## ASSIGNMENT
Although the listing contains pictures, reproduce only its text, exactly as written.

## DATA SEGMENT
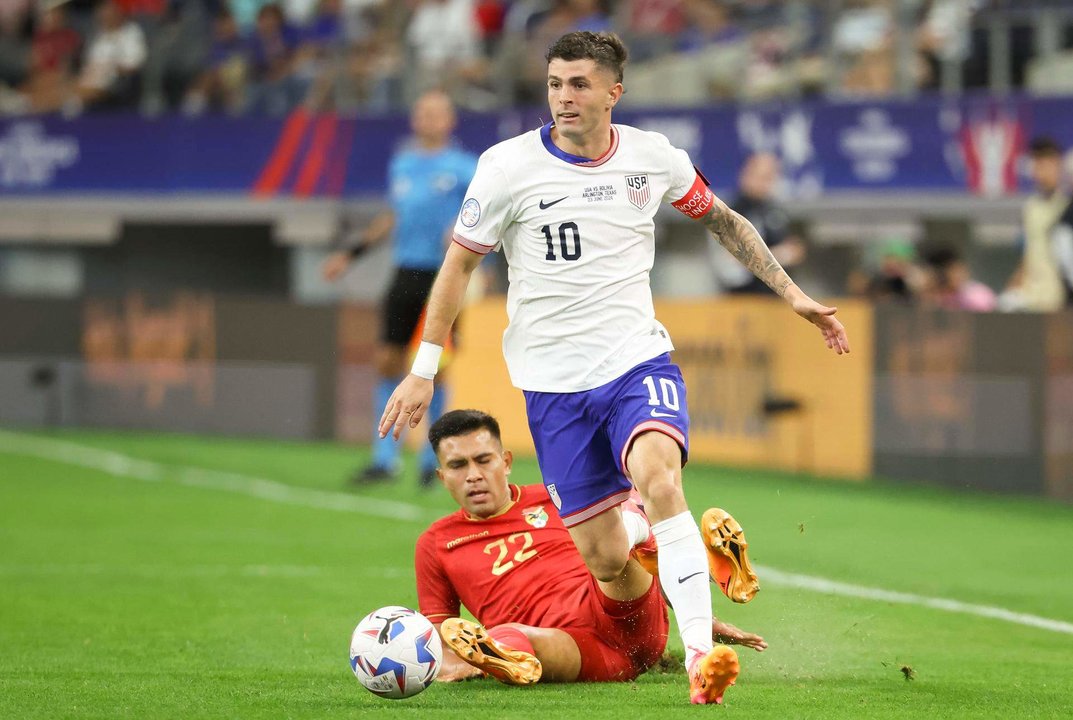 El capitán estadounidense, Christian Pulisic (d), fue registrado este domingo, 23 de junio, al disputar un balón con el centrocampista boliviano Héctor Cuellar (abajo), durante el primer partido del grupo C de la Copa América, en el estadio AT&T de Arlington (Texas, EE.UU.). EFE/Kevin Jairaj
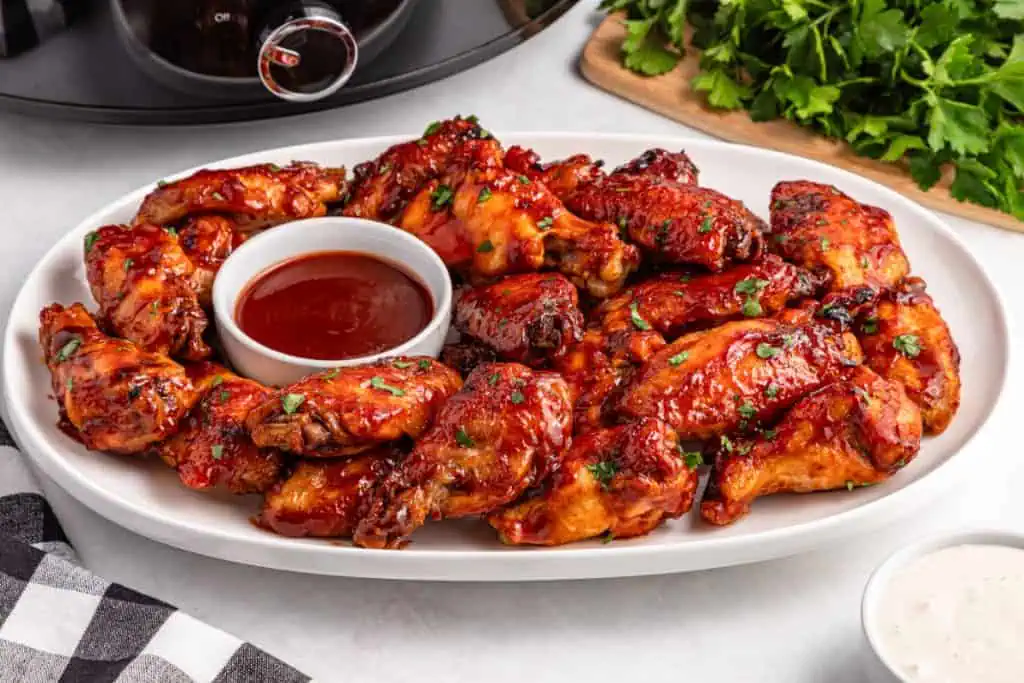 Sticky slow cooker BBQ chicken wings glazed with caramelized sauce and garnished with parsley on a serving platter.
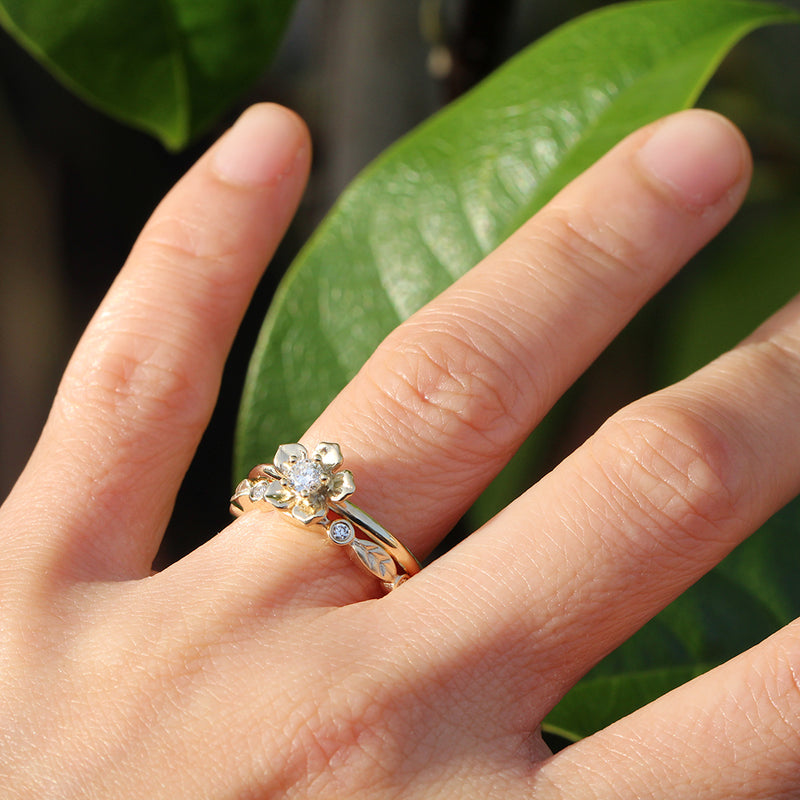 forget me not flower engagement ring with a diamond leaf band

## ANSWER TO THE PROBLEM
 El capitán estadounidense, Christian Pulisic (d), fue registrado este domingo, 23 de junio, al disputar un balón con el centrocampista boliviano Héctor Cuellar (abajo), durante el primer partido del grupo C de la Copa América, en el estadio AT&T de Arlington (Texas, EE.UU.). EFE/Kevin Jairaj
 Sticky slow cooker BBQ chicken wings glazed with caramelized sauce and garnished with parsley on a serving platter.
 forget me not flower engagement ring with a diamond leaf band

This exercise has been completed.